Generally speaking, commodities are an alternative investment class to other financial assets, such as bonds and stocks. Investing in commodities, in addition to other financial assets, has provided investors an opportunity to diversify their portfolios. Investing in commodities may provide long run returns like investing in bonds and stocks, but commodity prices are generally not correlated with prices of bonds and stocks.
One approach for investing in commodities has been through indices that rely only on front month contracts. A front month contract is a futures contract that represents an agreement to buy or sell a particular commodity at a predetermined price at a date of maturity in the future. A front month contract is repeatedly bought at the same distance on a forward curve. For example, as illustrated in FIG. 1, the distance out on a forward part 101 of the curve is the time at which a futures contract is bought 101b before it matures 101a. Time to maturity is the time (measured in days or months) until a futures contract is due. The time until a futures contract matures at the time it is bought is also called the tenor of a futures contract.
A second approach for investing in commodities has been to use baskets of futures that provide exposure further out on the forward curves. A basket of futures is a commodity index composed of different futures contracts.
Experience with these investment strategies has demonstrated some common drawbacks. First, these investment strategies have led to problems in an environment with unusually steep contango curves responsible for large negative roll yields (see, for example, FIG. 2). In such an environment, the value of the commodity varies significantly in terms of spot price and futures contract over time.
By way of example, FIG. 2 is a graph illustrating a contango curve 200. There is an X axis 201 that represents time to maturity for a forwards contract. The Y axis 202 represents the cost or price of the forward contract. A contango environment occurs when a current price 203 of a futures contract is above the expected future spot price, since a current spot price 204 is below the price of the futures contract. A spot price is the current price a particular commodity can be bought or sold at a certain time and place. When this happens, there will be a negative roll yield, when the futures contract matures. A negative roll yield is a loss on an investment. This is partly because roll of front month contracts exposes investments only to the front-end of the curve (see FIG. 1, 101). A negative roll yield occurs from a roll of front month contracts when a futures contract is bought at a higher price 101b and sold at a lower price when the front month contract matures at a certain point in the future 101a. Then a futures contract is bought with the same tenor as that of the futures contract bought at 101b and therefore will take the same time to mature.

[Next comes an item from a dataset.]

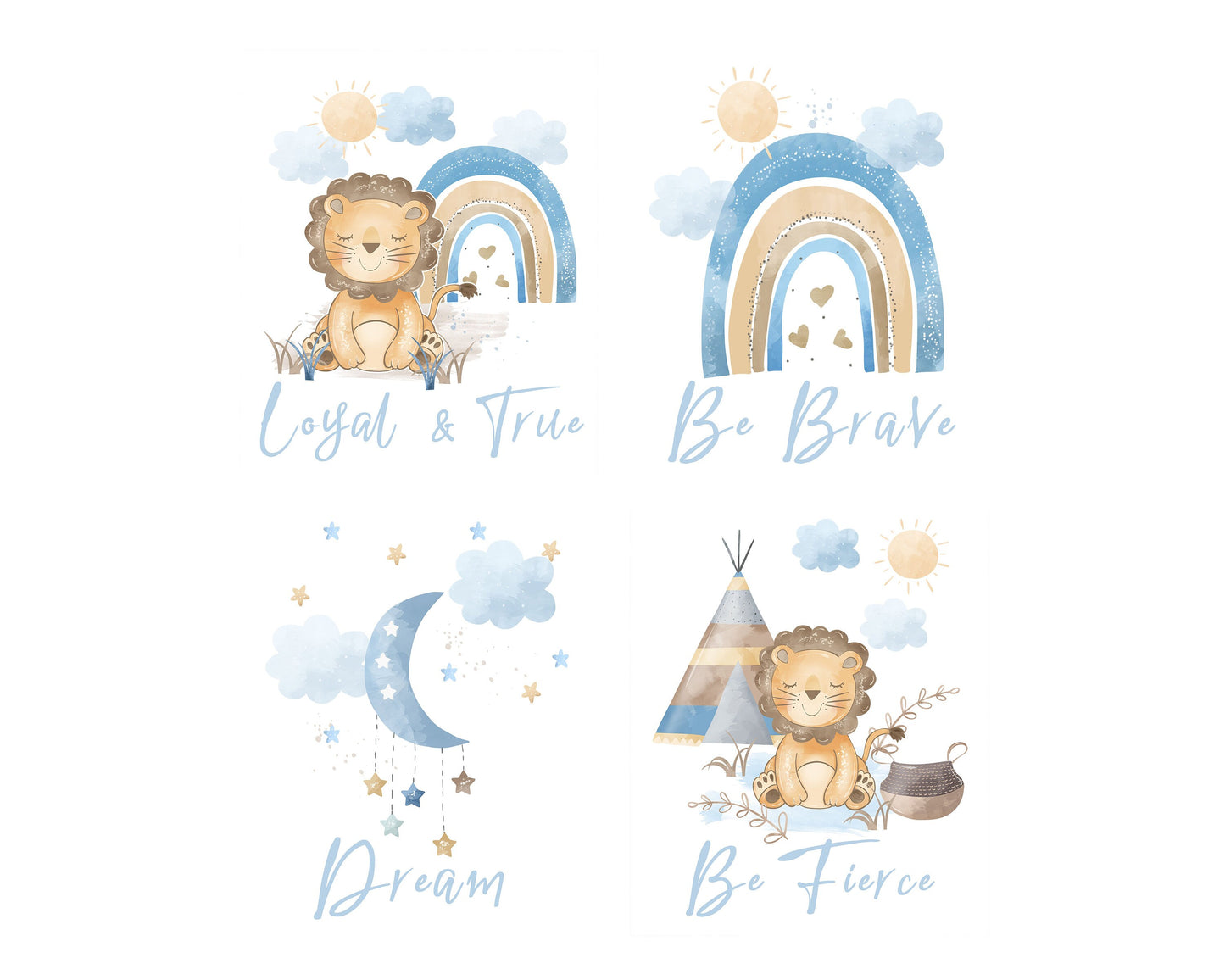 Set of 4 8x10 Lions and Rainbows in Blue Nursery Wall Art Canvas Prints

Backwardation is the opposite of contango. FIG. 3 is a graph 300 illustrating an example of a backwardation curve 304. There is an X axis 301 that represents time to maturity for a futures contract. The Y axis 302 represents the price of the futures contract. Backwardation occurs when the spot price 303 for a commodity is higher then the price of a futures contract 304 for the commodity. It is possible to take advantage of a backwardation by selling at the spot price 303 and buying the futures contract 304. This strategy is possible when an investor owns the actual physical commodities and does not have to use them immediately and, therefore, can deliver them at spot 303. However, an investor in a traditional commodity indices eventually may have to exit such a strategy since he may not be able to deliver the commodities at spot price 303 when futures contract 304 matures. The investor would be able to take advantage of backwardation if physical delivery of the commodity was not necessary.
Additional drawbacks of baskets of futures include a lack of transparency, absence of weight control, and absence of rebalancing. By lack of transparency, it is meant the inability, or difficulty, of monitoring the details of investments. Weight control is the ability to assign the proportion, weight, of a particular futures contract in a basket, commodity index. Rebalancing ensures that the weight of the futures contract in a commodity index remains the same, as the price of the futures contract fluctuates over time.
An attempt to solve the above problems has led to approaches that include the use of rule based indices. However, these approaches are increasingly complex and provide little flexibility or choice.
In view of the foregoing, there is a need for an improved solution for investing in commodities. In particular, there is a need for methods and systems for providing a constant maturity index, where the investor may escape the limitation of nearby only vehicles embodied by other major commodity indices and escape being locked into a potentially undesirable part of the curve. Nearby only vehicles refer to buying front month contracts with the same tenor and waiting until they mature before repeating the process. The solution should provide the investor with the ability to invest in an index that is diversified across a wide range of commodities, provides choices as to the tenor of their investment, has continuous roll and constant maturity features to mitigate negative roll yield in a contango environment and be able to take advantage of a backwardation environment, and more accurately reflects the real commodity markets. Continuous roll and constant maturity refers to continuously buying and selling futures contracts at different tenors, and not necessarily waiting till a front month (futures) contract matures. For example, a front month contract may be bought at point 102b that matures at point 101a. However, the proposed solution would allow to sell the front month contract at point 102a after a certain period of time 102. Finally, the index should be continuously rebalanced to target more consistent weights for the index's components, and the weights of the individual components should be maintained so that the index reflects changes in the market affecting the various components.